Shortly before Moshe passed away, he asked Hashem to appoint a leader over Bnei Yisrael who would stand in his stead. The Torah records Moshe's request and the unique manner in which he addressed Hashem. "May Hashem, the G-d of the spirits of all flesh, appoint a man over the nation" (Bamidbar 27, 16). Rashi explains Moshe's choice of words as follows: He said to Hashem, "It is revealed and known to You the thoughts of each person and how their thoughts differ from one another; appoint a leader who can tolerate each and every one of them with their individual attitudes."
Rav Wolbe (Shiurei Chumash) explains that a leader is someone who is broadminded.

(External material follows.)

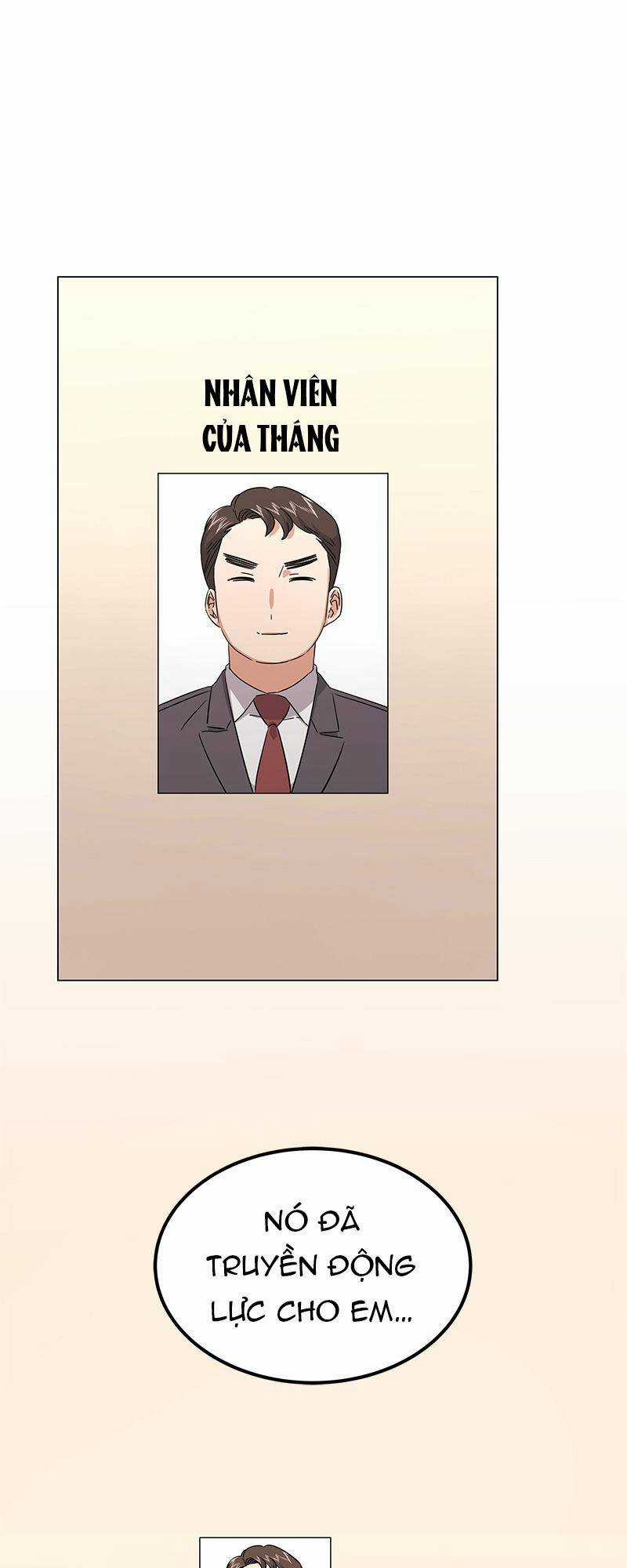 Trợ Lí Siêu Sao - Chapter 11 - Trang 48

He isn't one who decides on a specific approach to serving Hashem and then forces it upon all his constituents. Rather, a leader is one who uses his talents and strengths to aid each person in their individual path of avodas Hashem.
Rav Chaim Soleveitchik zt"l was the embodiment of this type of spiritual leader. He had many disciples (Rav Isser Zalman Meltzer, Rav Shimon Shkop, Rav Baruch Ber Lebowitz, and the Brisker Rav, to name a few) who they themselves became great leaders; but each one had their own inimitable way of doing things. He polished their individual qualities, and turned each one into a brilliant - and unique - diamond.
Mastering the trait of tolerance is a prerequisite for becoming a truly great leader. However, this is not a quality that is imperative solely for a leader. Each and every one of us must make an effort to acquire the trait of tolerance, lest we look down on another's manner of avodas Hashem. Instead of thinking, "Why does he have to dress, behave, or daven that way?" we should think, "Isn't it amazing that everyone acts differently, but they are all striving to serve Hakodosh Baruch Hu?"
There is no better time than the Three Weeks to work on acquiring this trait. It does wonders for one's bein adom l'chaveiro, and will definitely hasten the end of the galus which was brought about through sinas chinom.